Optimizing BigQuery: Partitioning, Clustering, and ML

Goal: Optimize costs and performance using Partitioning and Clustering, and build ML models directly in BigQuery.


1. Partitioning vs Clustering (Crucial for Optimization)

These are the two main ways to improve query speed and reduce cost.

Partitioning

Divides a table into segments based on a specific column (usually Date).

  • Benefit: When you filter by date, BQ only reads that specific partition. It ignores the rest.
  • Common Use: Partition by creation_date or pickup_datetime.

Clustering

Sorts and organizes data inside each partition based on one or more columns.

  • Benefit: Keeps similar data together. Great for filters or aggregation.
  • Common Use: Cluster by Tag, VendorID, or Region.

Comparison Table

Feature Partitioning Clustering
Granularity Coarse (Day/Month/Year).
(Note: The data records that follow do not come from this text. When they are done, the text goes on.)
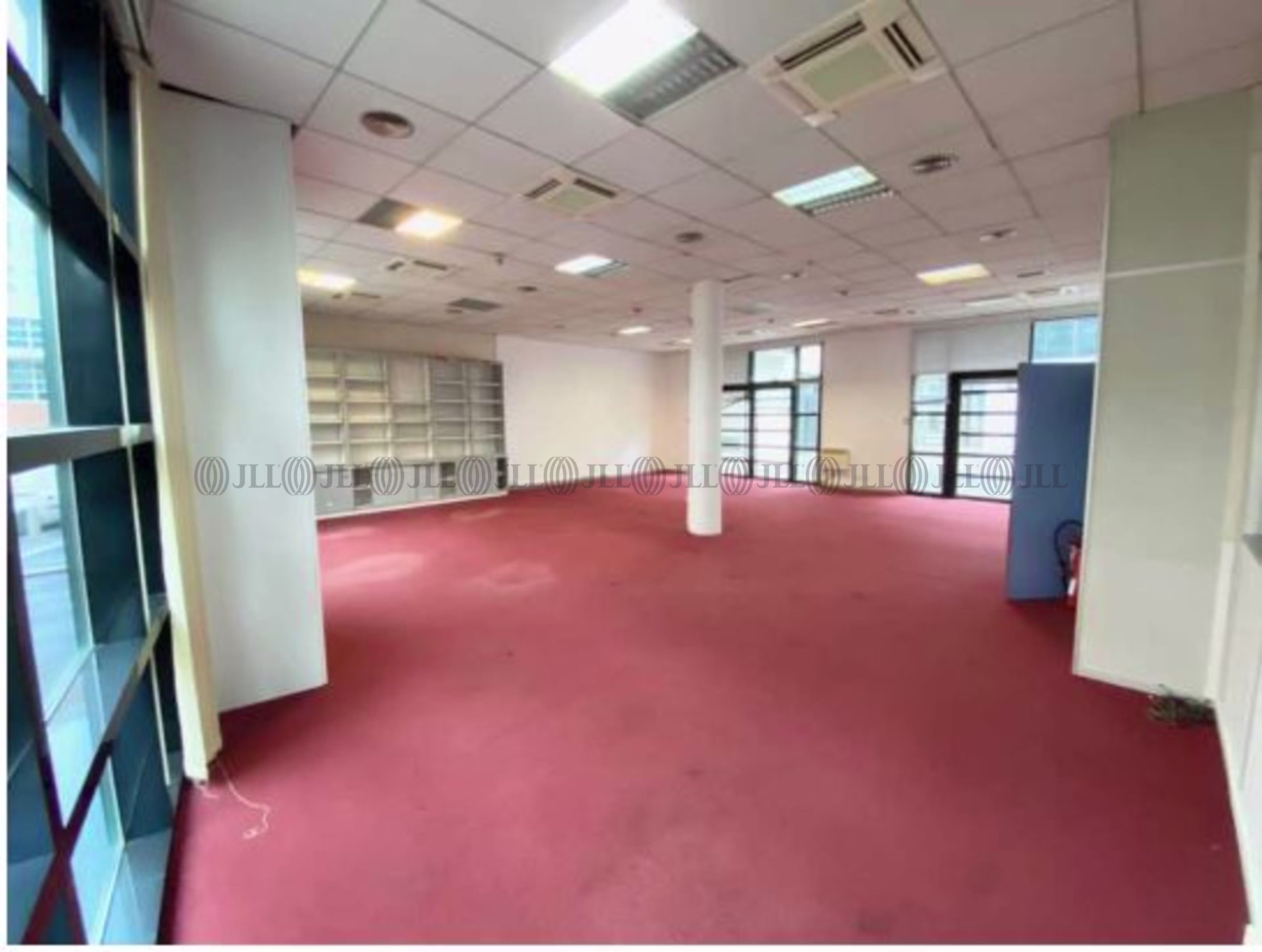 199 RUE JEAN JACQUES ROUSSEAU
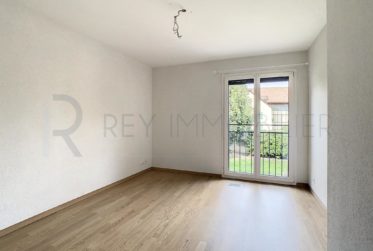 En Exclusivité ! Appartement avec terrasse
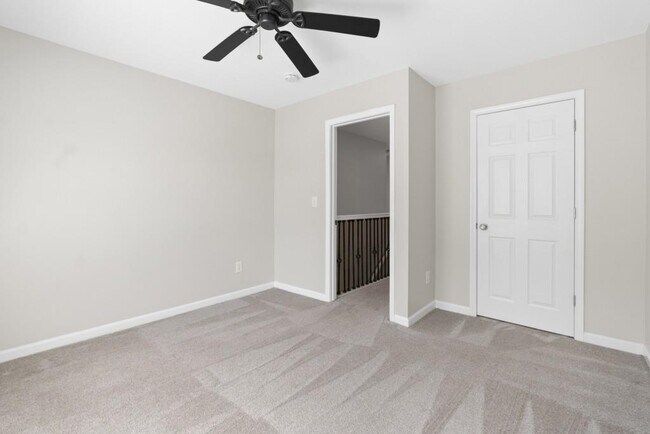 Building Photo - 3637 Oakland Spring Ct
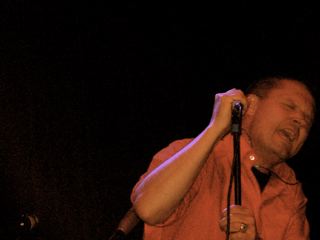 minneapolis_live2.jpg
High granularity (Strings, IDs).
Cost Estimation Known upfront. (You see “This query will process 100MB”). Unknown until query finishes.
Limit Max 4000 partitions per table. No limit on clusters.
Main Use Filter by Time. Filter by high cardinality columns (e.g., Email, ID).
Maintenance Manual scope. Automatic reclustering (Free).

SQL Examples

1. Create External Table (from GCS) (Data stays in Google Cloud Storage, BQ just reads it)

1
2
3
4
5
CREATE OR REPLACE EXTERNAL TABLE `my_project.dataset.external_table`
OPTIONS (
  format = 'CSV',
  uris = ['gs://my-bucket/trip_data_2019-*.csv']
);

2. Create Partitioned Table

1
2
3
CREATE OR REPLACE TABLE `my_project.dataset.partitioned_table`
PARTITION BY DATE(tpep_pickup_datetime) AS
SELECT * FROM `my_project.dataset.external_table`;

3. Create Partitioned AND Clustered Table

1
2
3
4
CREATE OR REPLACE TABLE `my_project.dataset.clustered_table`
PARTITION BY DATE(tpep_pickup_datetime)
CLUSTER BY VendorID AS
SELECT * FROM `my_project.dataset.external_table`;

2. Best Practices

To save money and time, follow these rules:

Cost Reduction

  • 🛑 Avoid SELECT *: BigQuery is columnar. Processing extra columns costs extra money. Only select what you need.
  • 🔍 Filter on Partitioned Columns: Always include the partition column (e.g., date) in your WHERE clause.
  • ⚠️ Caution with Streaming: Streaming inserts cost more than batch loads.

Query Performance

  • Denormalize Data: Use Nested and Repeated fields (Arrays and Structs) to avoid expensive JOINS.
  • Filter before Joining: Reduce the dataset size (subquery or CTE) before joining with another table.
  • Largest Table First: Place the largest table first in a JOIN (standard SQL optimization).
  • Approximate Aggregation: For huge datasets, use APPROX_COUNT_DISTINCT() instead of COUNT(DISTINCT ...).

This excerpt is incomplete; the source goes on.